The intent is that they will run together, compose, and allow to iterate until fixed-point while two different analysis can refine each others’ results. That is the framework tracks dependencies between state update across analyses.

regehr · June 22, 2022, 3:45pm

Ok, I’ll dredge stuff up sort of slowly, here’s a first batch. This has long been sort of an attractive idea and so there’s quite a bit out there and it would probably be good for anyone working on this to at least skim these.

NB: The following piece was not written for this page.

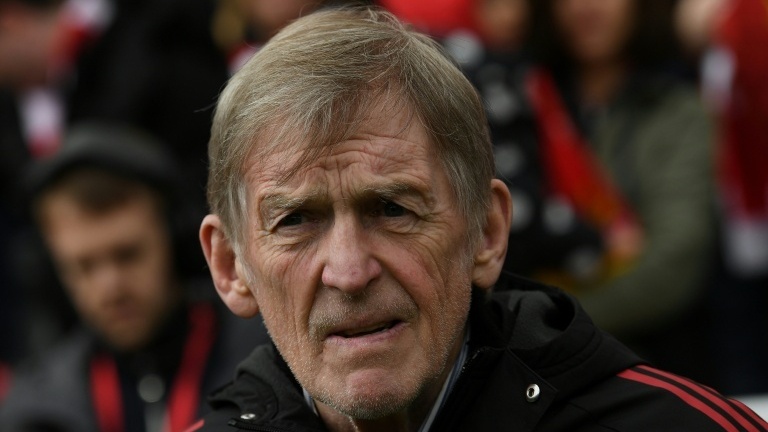 Kenny Dalglish, leyenda del Liverpool, anuncia que padece cáncer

PAG is totally worth reading about:
https://sci-hub.se/https://doi.org/10.1007/s100090050017

of course the old SCCP paper is a must-read:
https://dl.acm.org/doi/pdf/10.1145/201059.201061

the theory of how abstract domains learn from each other is super good stuff, but a lot of it is pretty tough reading, this might or might not be a good place to start:

and then a few more papers I’m less familiar with:

http://projectsweb.cs.washington.edu/research/projects/cecil/www/Papers/engines.html

regehr · June 22, 2022, 3:49pm

one more thing: my group worked on a dataflow framework a while ago and it was sometimes pretty painful to debug, but we came up with a debugging technique that ended up being super useful. basically you run all of the analyses to completion and then instead of feeding the analysis results to the optimizer, we instead turned every dataflow fact into an assertion. so if an integer range analysis concluded the x was in [1…32] at some program point, we simple dropped an assertion into the code at that location assert(x >=1 && x <= 32); then you run the assert-heavy program and watch for assertion violations. we found more bugs this way than with any other technique and I’m not convinced our stuff would have worked on large programs if we’d not done this.

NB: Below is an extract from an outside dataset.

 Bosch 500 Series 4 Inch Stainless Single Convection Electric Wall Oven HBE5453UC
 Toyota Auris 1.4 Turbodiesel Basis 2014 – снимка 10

jpienaar · June 22, 2022, 3:58pm

Ooh that’s a good idea!

_sean_silva · June 22, 2022, 5:08pm

I would love to have this available!

+1 on compositionality and non-templatedness. For these things, the visitation order and spatial locality of cooperating analyses will dominate the macroscopic performance. Having a solid baseline performance + the right abstractions to innovate in those domains feels most important to me on the performance front vs more templating.

krzysz00 · June 23, 2022, 8:22pm

@Mogball Re composability: What if, instead of having the set of states of (Do analysis A and analysis B) be S_A U S_B, we went with S_A x S_B. Then, each analysis has its own overdefined state, and overdefined for the whole thing is (overdefined(A), overdefined(B))

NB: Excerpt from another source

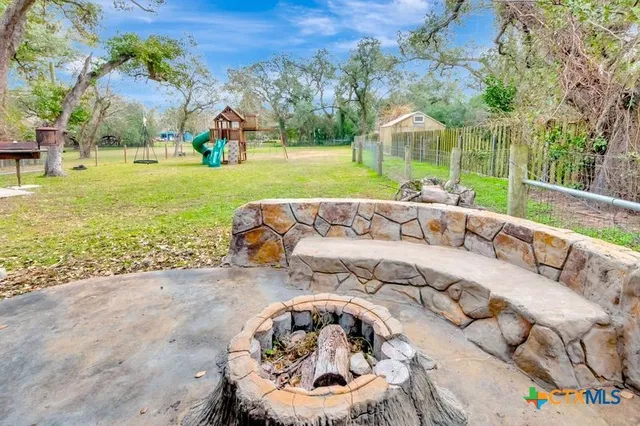 $525,000 | 402 Sunset Drive, Edna, TX 77957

Mogball · June 24, 2022, 4:36pm

Ah, yes that’s an interesting idea. To get a single value, you would intersect the individual states. It makes sense to me that overdefined x Sb => Sb.

But I wonder what should happen if analyses disagree? E.g. if A says S is 3 : i32 but B says 4 : i32, should S be overdefined? But if A and B were run independently, then the analysis would conclude different results. This sounds like a correctness problem in the analyses but it’s weird to think about.

For integer range analysis, if A says [1,4] and B says [2,6], does it make sense for S to be [2,4] instead of [1,6]? What happens if the ranges don’t overlap? E.g. [1,2] and [3,4] (maybe also a correctness problem).

The problem I had came with book keeping. Now every analysis state needs to track substates. Ideally I would like a way for states to opt out of the mechanism if they don’t need it (they aren’t a 3 way lattice e.g. liveness). And analyses need to “declare” their outputs so that the framework can allocate slots.

I can try this again and hopefully make the API look nice too (e.g. not passing TypeID everywhere).

regehr · June 24, 2022, 5:00pm

As long as we’re talking about overapproximating static analyses (and so far we are, I believe), then if one analysis concludes that S = { 3 } and another concludes that S = { 4 }, then we know that S = {}, using set intersection as you say. This is not necessarily a correctness bug, it could instead indicate an unreachable program point. Using the debug strategy that I mentioned above, S = {} turns into assert(false).

Mogball · June 24, 2022, 5:50pm

Hah. That really is a neat trick!

What bothers me is that if only one analysis was running, it would conclude S = {3} and so we’d get assert(a == 3). Does this necessarily mean the code was always unreachable anyways?

regehr · June 24, 2022, 6:18pm

Yeah, there’s always imprecision in these analyses, so if we just ran the one analysis we’d simply end up placing an assertion into code that happens to be dead. No problem!

regehr · June 24, 2022, 6:51pm

An issue I’d like to bring up is that dataflow analyses are highly varied, they come in a lot of flavors. For example there’s forward vs backwards, sparse vs dense, non-relational vs. relational, overapproximating vs underapproximating, path sensitive or not, context sensitive or not, flow sensitive or not, interprocedural or not, and probably a few other things I’m forgetting.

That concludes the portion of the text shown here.